→ THE TASK
Retype each record exactly; no pictures.

→ Short descriptive text snippets
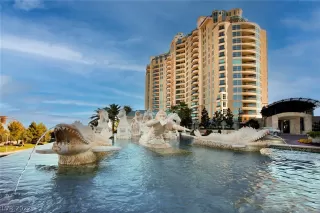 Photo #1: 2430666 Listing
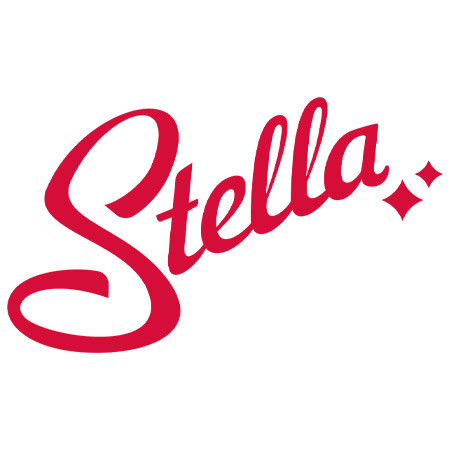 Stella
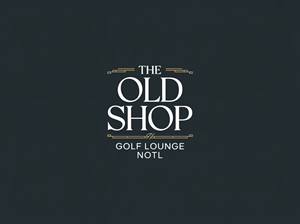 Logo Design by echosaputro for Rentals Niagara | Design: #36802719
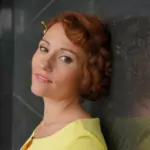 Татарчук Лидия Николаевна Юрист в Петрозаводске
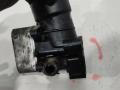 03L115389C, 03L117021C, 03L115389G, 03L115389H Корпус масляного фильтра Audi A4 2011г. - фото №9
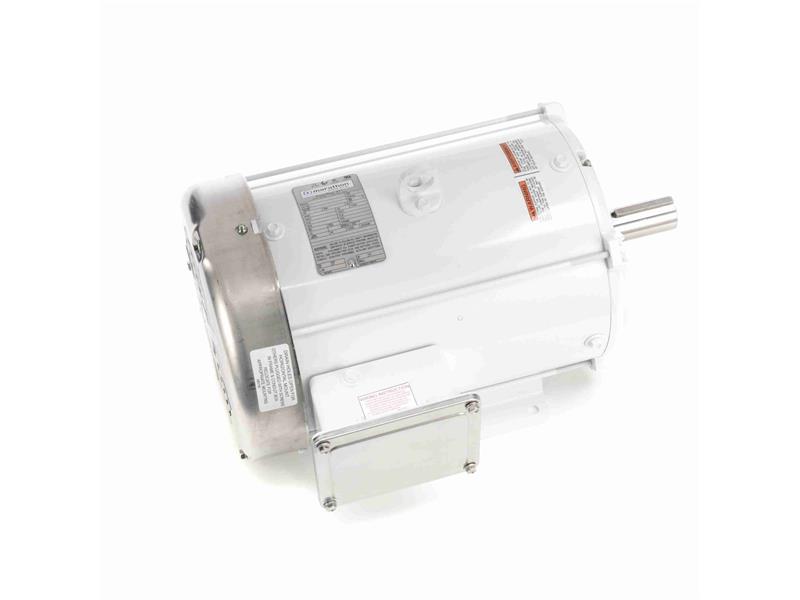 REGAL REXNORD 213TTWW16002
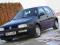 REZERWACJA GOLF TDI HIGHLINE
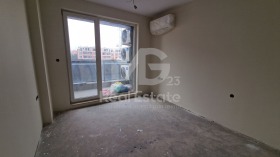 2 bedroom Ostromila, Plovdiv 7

→ ANSWER BOX
 Photo #1: 2430666 Listing
 Stella
 Logo Design by echosaputro for Rentals Niagara | Design: #36802719
 Татарчук Лидия Николаевна Юрист в Петрозаводске
 03L115389C, 03L117021C, 03L115389G, 03L115389H Корпус масляного фильтра Audi A4 2011г. - фото №9
 REGAL REXNORD 213TTWW16002
 REZERWACJA GOLF TDI HIGHLINE
 2 bedroom Ostromila, Plovdiv 7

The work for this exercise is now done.